--- Data for the task Enclosed Below ---

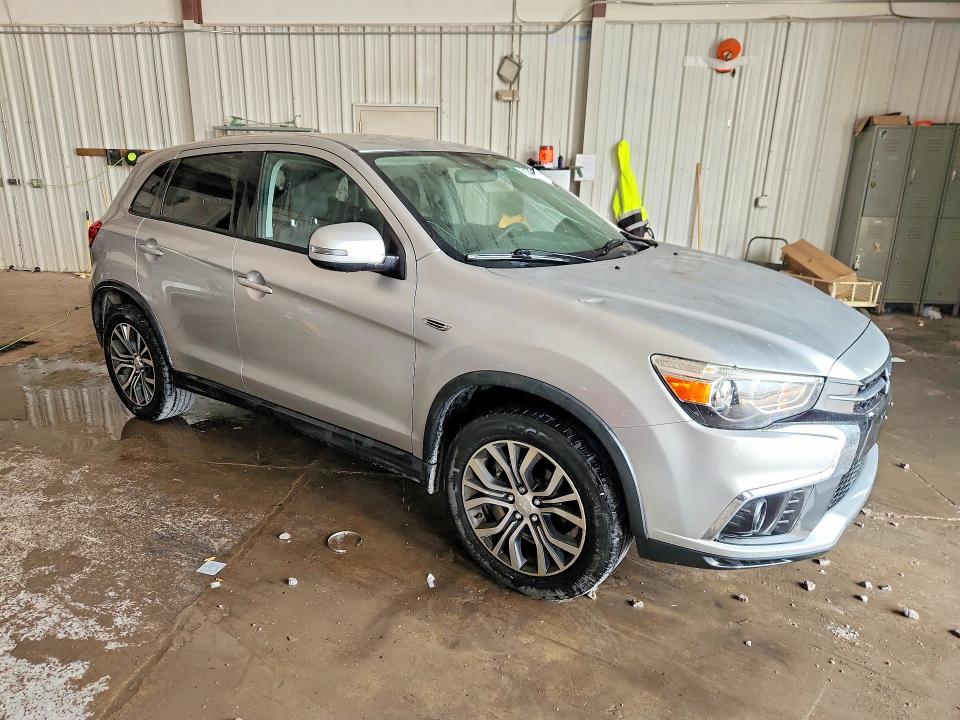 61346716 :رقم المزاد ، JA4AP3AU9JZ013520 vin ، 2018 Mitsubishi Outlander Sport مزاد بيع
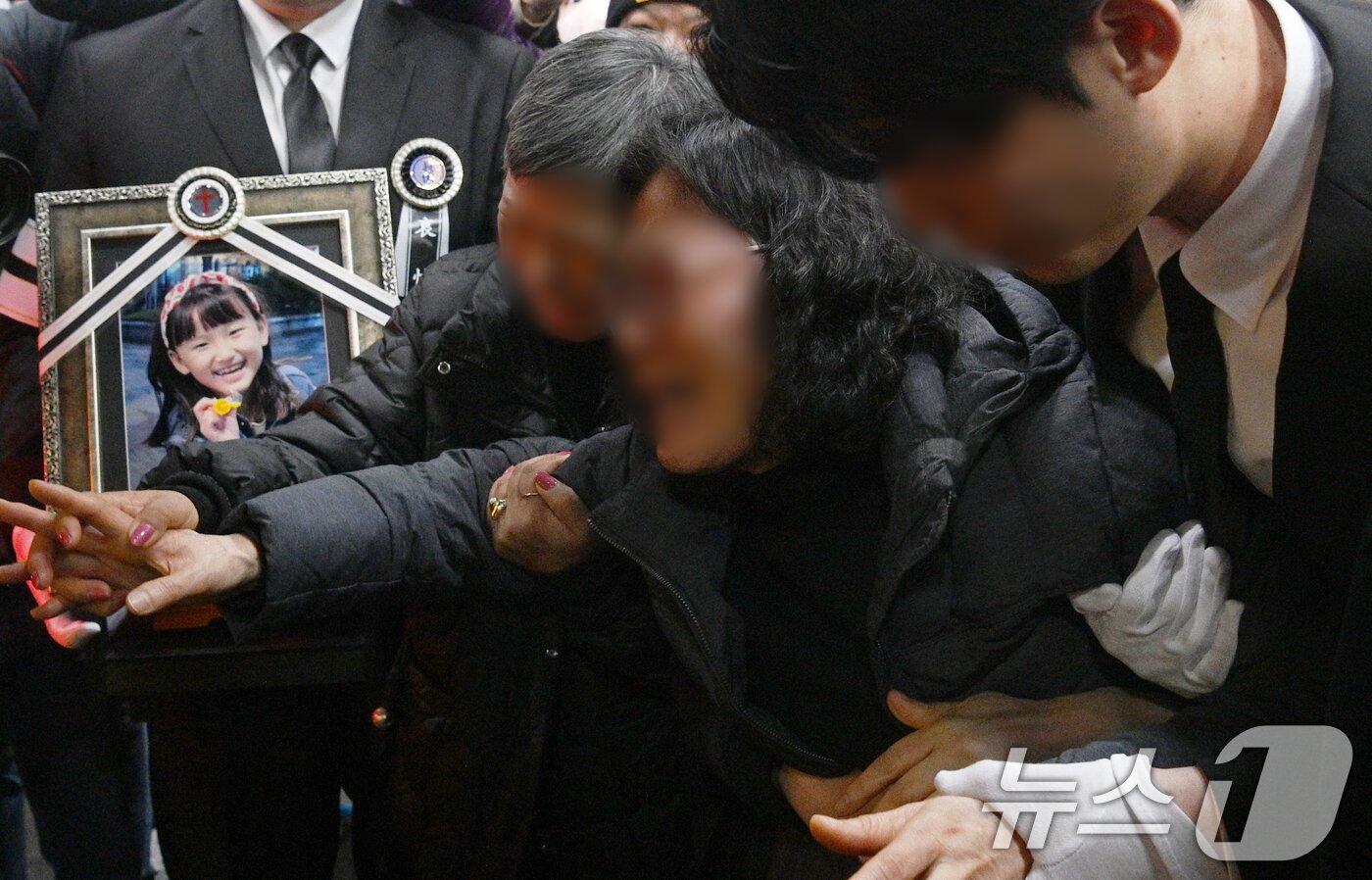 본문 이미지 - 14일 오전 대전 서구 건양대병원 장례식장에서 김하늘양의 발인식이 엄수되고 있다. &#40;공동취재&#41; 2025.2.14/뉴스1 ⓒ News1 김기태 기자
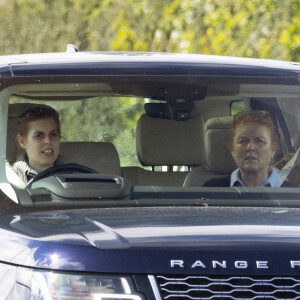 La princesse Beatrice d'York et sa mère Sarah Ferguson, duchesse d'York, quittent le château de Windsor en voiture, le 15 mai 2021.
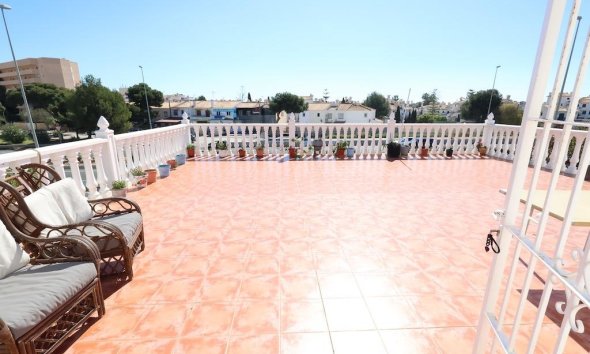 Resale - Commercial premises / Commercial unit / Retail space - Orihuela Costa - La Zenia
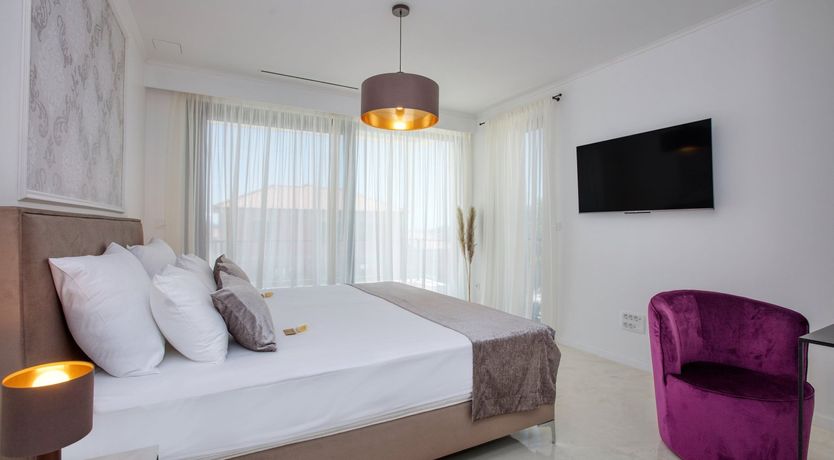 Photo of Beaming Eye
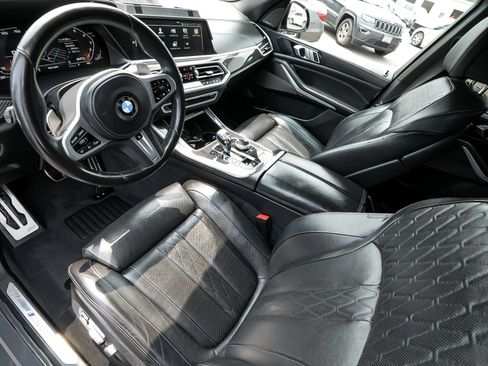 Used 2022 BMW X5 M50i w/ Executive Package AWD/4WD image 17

--- End of Enclosed Data for the task ---

What the task requires
Without changing a word, retype the data above and omit its pictures.

Answer to the problem
 61346716 :رقم المزاد ، JA4AP3AU9JZ013520 vin ، 2018 Mitsubishi Outlander Sport مزاد بيع
 본문 이미지 - 14일 오전 대전 서구 건양대병원 장례식장에서 김하늘양의 발인식이 엄수되고 있다. &#40;공동취재&#41; 2025.2.14/뉴스1 ⓒ News1 김기태 기자
 La princesse Beatrice d'York et sa mère Sarah Ferguson, duchesse d'York, quittent le château de Windsor en voiture, le 15 mai 2021.
 Resale - Commercial premises / Commercial unit / Retail space - Orihuela Costa - La Zenia
 Photo of Beaming Eye
 Used 2022 BMW X5 M50i w/ Executive Package AWD/4WD image 17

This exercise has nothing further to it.